筆者を中心とするプロジェクトチームが 2016年から2018年にかけてオーストラリアで行った32名の日本人移住者へのインタビュー調査(1・2)では、2011年の東日本大震災以前に移住した人々は確かに「より良いライフスタイル」を移住の主な動機としていた。しかし、それ以降に移住した人々の動機は大きく異なっていた。震災後の移住者たちの多くに共通していたのは、ひと言でいうと「強い危機感とリスク回避志向」である。
これまで海外に住んだことがなかった人や、大手企業の管理職、医師、経営者など収入も高く日本で十分に満足できるキャリアを歩んでいたエリート層の人でも、震災を機に日本に住むことの長期的なリスクを真剣に調べ考え始めたという。その結果、日本で切迫しているとされる首都直下地震、南海トラフ大地震、富士山の噴火というリスク、原発への影響、それによる経済的インパクトなどを考慮し、海外移住という決断に至ったのだった。
こうした人々は、移住先を決める際に徹底したリサーチとリスク評価を行っていた。中には震災後の福島から流れた汚染水を含んだ海流がどう移動し、どの国に影響をより及ぼしているかまでを調査した人もいた。東日本大震災と福島第一原子力発電所の事故をきっかけに「政府に頼らず自分で自分と家族の身を守らなければならないという意識が芽生えた」のだという。移住者たちがオーストラリアを選んだ理由としては、原子力発電所がなく放射能の影響について心配をしなくて良いこと、活火山がなく地震が少ないこと、英語圏であること、国家財政の健全性、高い食料自給率、治安の良さ、日本との時差が少ないこと等が挙げられた。
震災直後には子供の体への放射能の影響に不安を抱く子育て世代や、将来起こるとされる巨大地震・火山噴火やそれによる原子力発電所への影響などを危惧する人たちが多かった。しかしその後、日本政府による情報規制、メディアの忖度などの政治的状況に危機感を感じるようになった人が増えたことが同調査で分かった。

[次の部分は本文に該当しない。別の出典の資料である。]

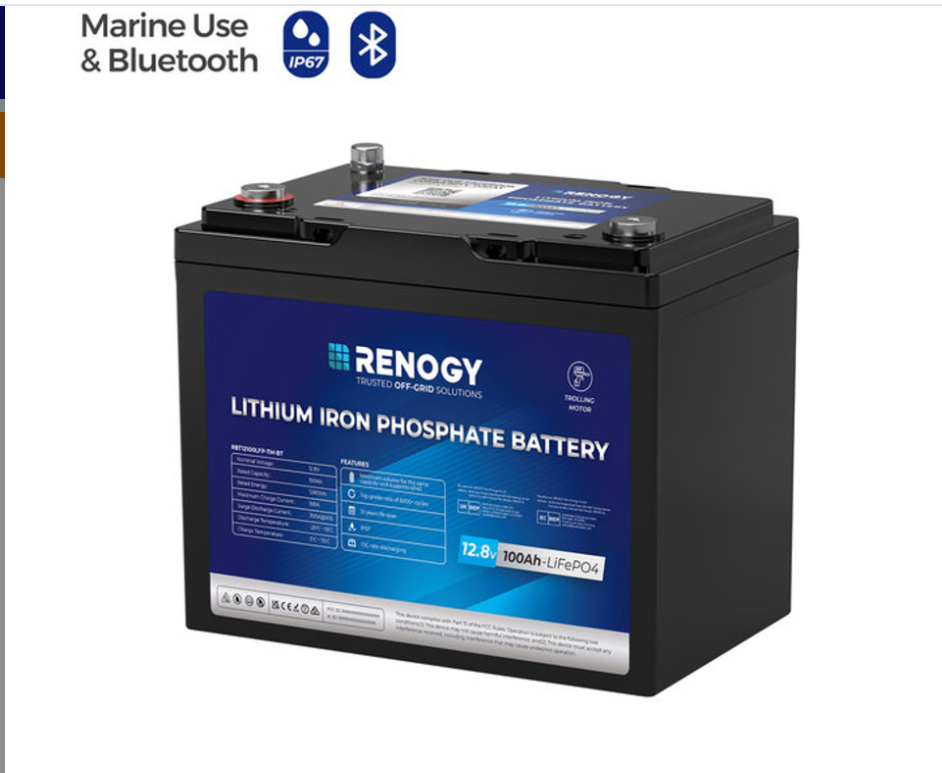 Renogy Core - 12V 100Ah Trolling Motor Group 24 LiFePO4 Battery w/ Bluetooth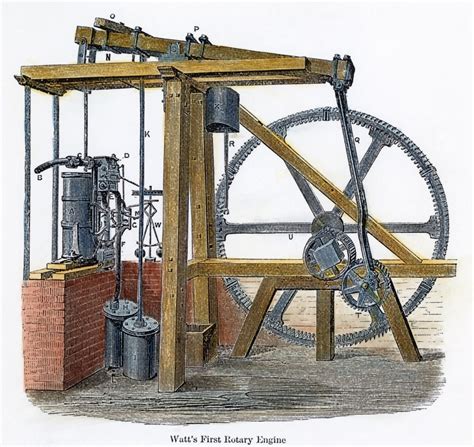 rotary steam engine njames watts    rotary steam engine wood engraving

大手IT企業で管理職をしていた40代男性は、当初は子供たちへの放射能の影響だけが心配だったが、その後すぐ安保法制や憲法改正に向けた動きが加速したこと、またそれに対するメディアの反応にも失望し、将来に不安を感じたという。大手運輸会社に勤務していた30代男性もこう述べた。「情報が規制されてるっていうのが、そこでこう、あからさまに分かったわけじゃないですか。〔中略〕この国で子育てをしたいなとか、そういうのはちょっと思えなかったですね」。
また、特に重要な要因として、調査対象者の9割近くが「長期的な経済についての不安」を海外移住の理由に挙げた。少子高齢化が進む日本における経済の展望や、年金制度や医療制度などの持続可能性への不安も彼・彼女らを海外移住に駆り立てたのである。ある大手事務機器メーカーの管理職男性は「日本の年金制度は遅かれ早かれ破綻する」と感じつつ、今後どう制度を持続可能なものにしていくかという解決策が国民に示されていないことに苛立ちを感じていた。